▶ _Your assignment_:
Please output only the lines that begin at the line with "NISSIYA Bathroom Mirror" and run through the end of the entries below, exactly as written. Drop all pictures.

Entries taken from a collection
============================================================
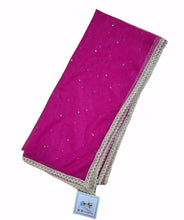 Rani pink stone embellished dupatta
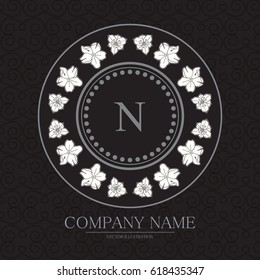 Elegant Monogram Design Template with Flowers. Vintage Vignette. Wedding, Birthday and Invitation Element. Vector illustration.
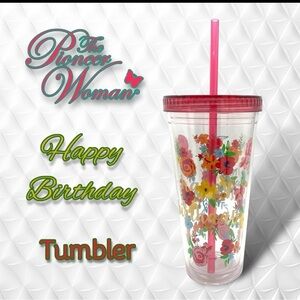 The Pioneer Woman HAPPY BIRTHDAY! Plastic Double Walled 24-Oz Tumbler w/ Straw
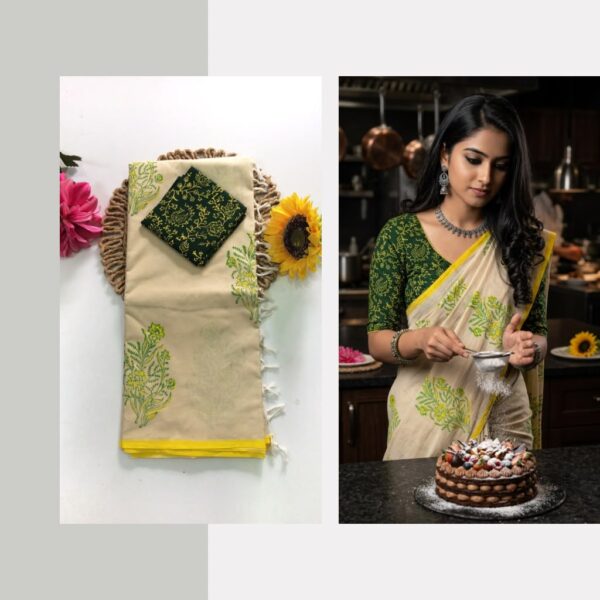 Blended South Cotton printed sarees with contrasting blouse PCDB072
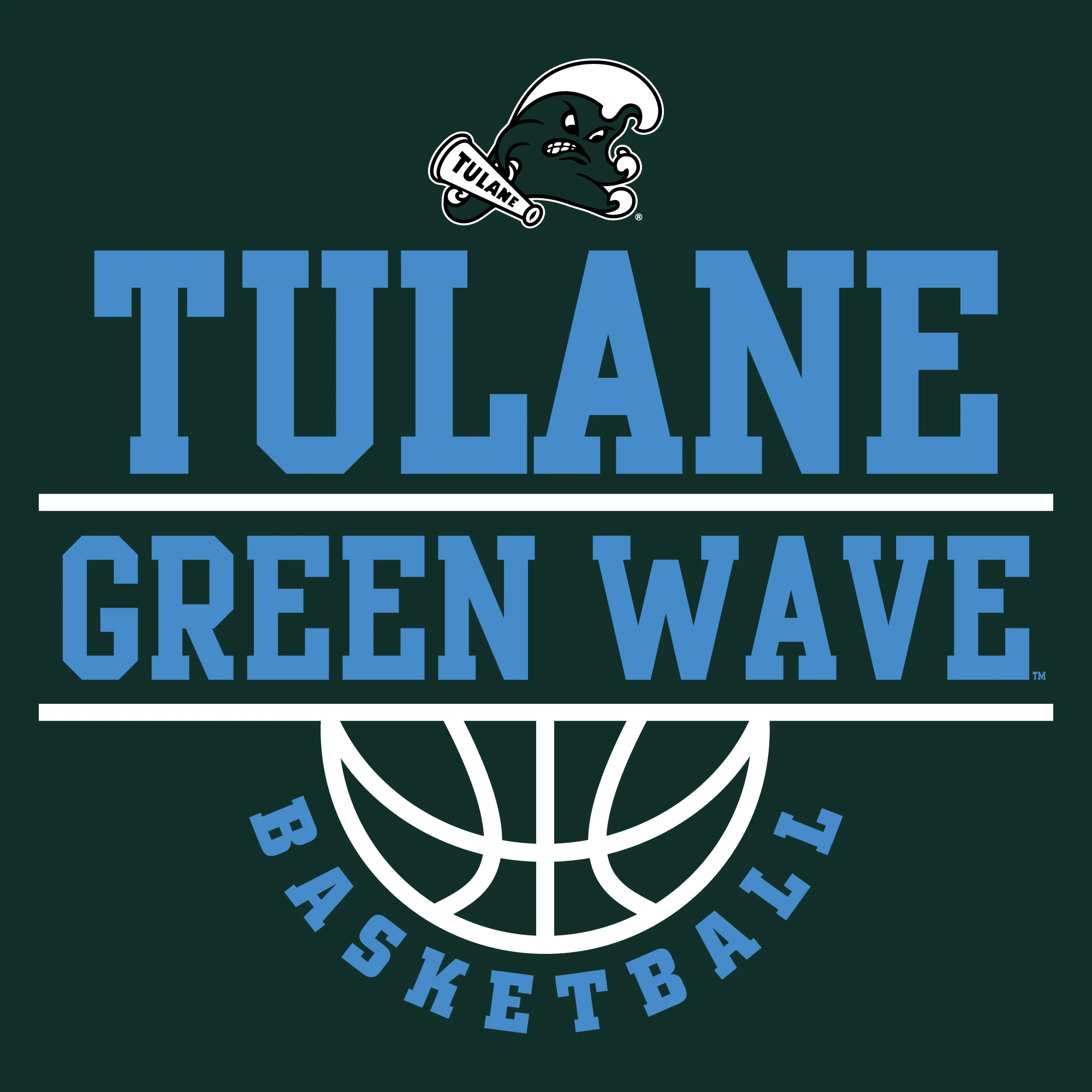 Tulane Green Wave Basketball Peak Long Sleeve T-Shirt - Forest - Image 2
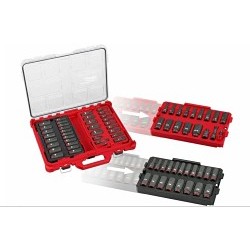 Milwaukee® SHOCKWAVE Impact Duty™ 49-66-6805 Socket Set, 3/8 in Drive, 36 Pieces, Included Socket Size: 1/4 in, 9/32 in, 5/16 in, 11/32 in, 3/8 in, 7/16 in, 1/2 in,  9/16 in, 5/8 in, 11/16 in, 3/4 in, Chrome Molybdenum Steel
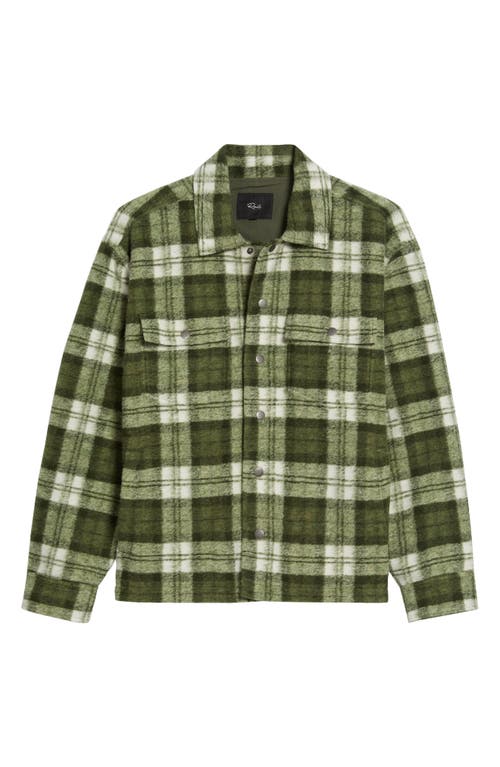 Rails Saxon Relaxed Fit Plaid Snap-Up Shirt in Green Mist 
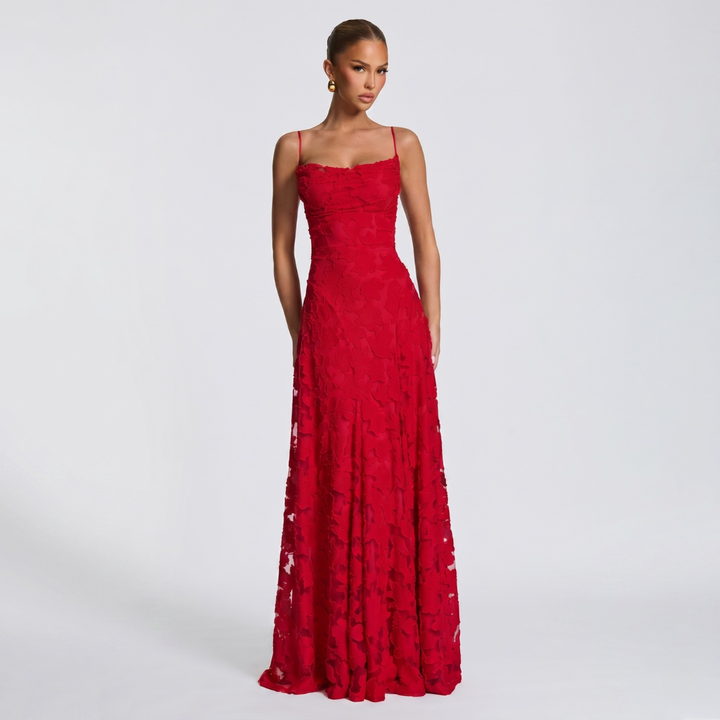 Robe Longue De Soirée Femme Évasée En Dentelle Élégante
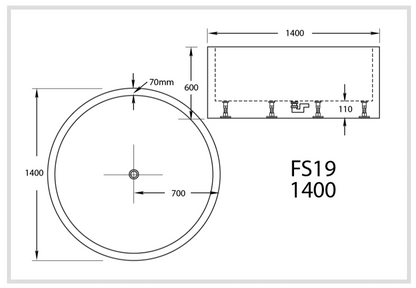 Broadway Round FS19 Freestanding Bath Gloss White 1400mm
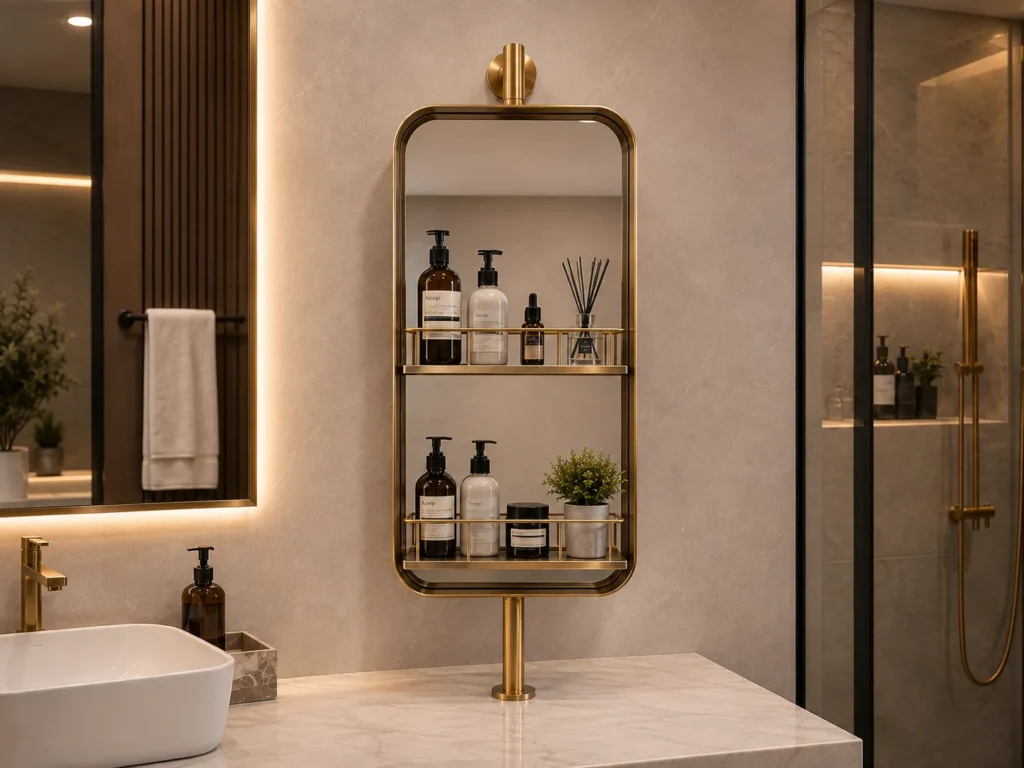 NISSIYA Bathroom Mirror with Shelf – Adjustable Double Storage Design
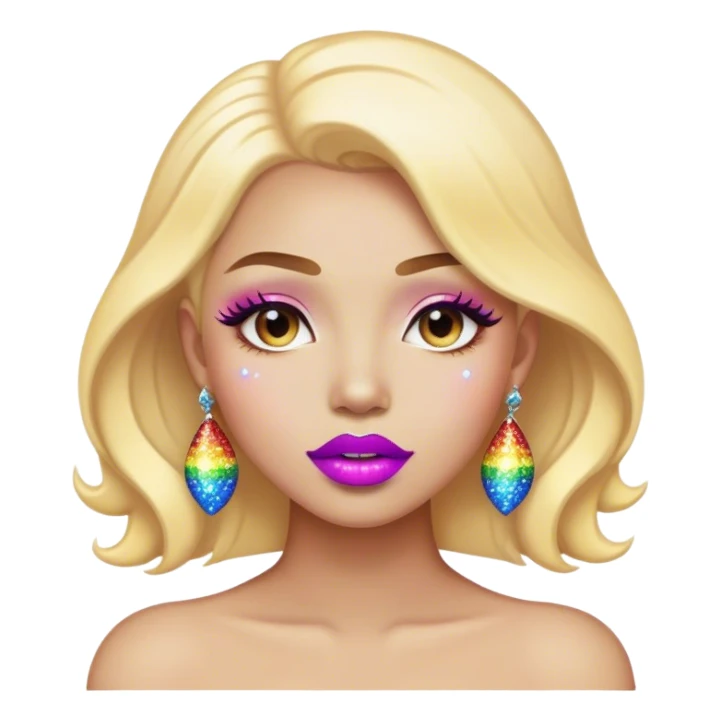 rainbow sparkle lips sticker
============================================================
▶ _Result for this exercise_:
 NISSIYA Bathroom Mirror with Shelf – Adjustable Double Storage Design
 rainbow sparkle lips sticker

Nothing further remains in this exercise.